« Je vais vous raconter mes onze mois de détention. J’étais le plus jeune des otages, j’avais 22 ans. Je suis orphelin de père et de mère… Si je fais de la photo, c’est pour me rappeler des personnes qui vont mourir. C’est ce qui m’intéresse, la mémoire, ce qui reste. » Dès ses premiers mots, mercredi 19 février, devant la cour d’assises spéciale de Paris, on a compris que le témoignage d’Edouard Elias, un jeune photographe de guerre capturé et torturé en Syrie par l’organisation Etat islamique (EI) entre juin 2013 et avril 2014, serait important.
Sa description, rapportée de l’intérieur des geôles syriennes, de la délirante entreprise de déshumanisation qu’avait mise en place l’EI dans son proto-Etat est un document journalistique fascinant. Un témoignage pudique et rigoureux, parfois drôle, patiemment constitué, jour après jour, malgré les coups, les tortures, l’odeur permanente de la mort et les privations de nourriture, par le journaliste qu’il n’a jamais cessé d’être durant ce voyage au bout de l’enfer.

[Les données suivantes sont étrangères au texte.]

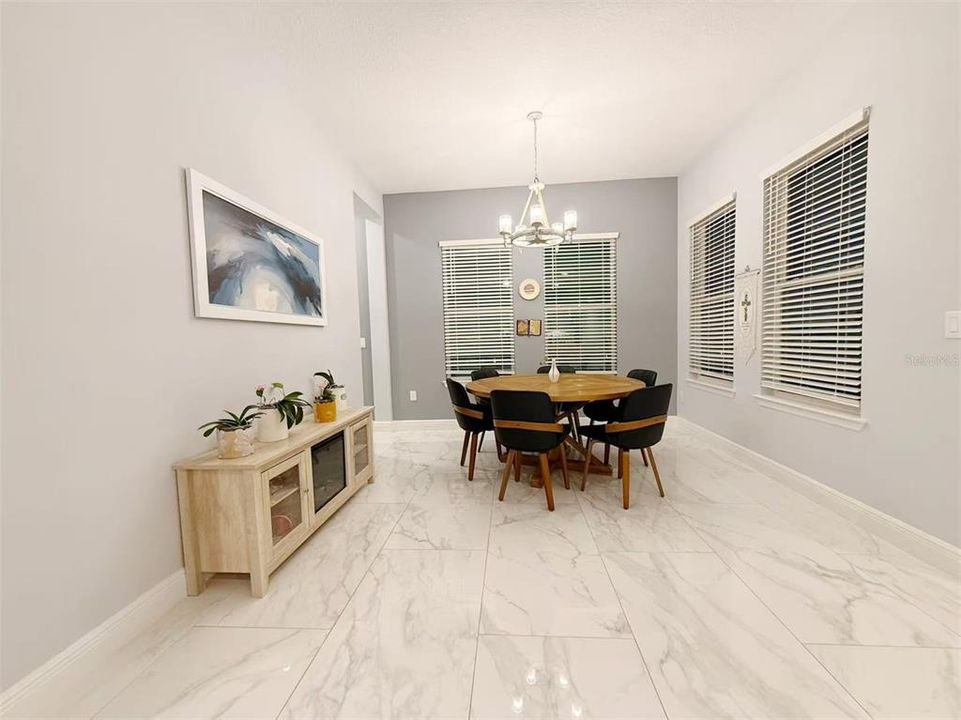 For Sale: $989,000 (6 beds, 4 baths, 3628 Square Feet)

Ce 6 juin 2013, Edouard Elias venait de franchir la frontière turco-syrienne pour documenter l’utilisation d’armes chimiques par Bachar Al-Assad sur sa population, en compagnie du reporter Didier François, son « binôme », quand les deux journalistes ont été capturés par cinq djihadistes en armes. Le cauchemar commence aussitôt : les deux hommes sont attachés à des radiateurs, « roués de coups sans le moindre répit » et privés de nourriture pendant quatre jours.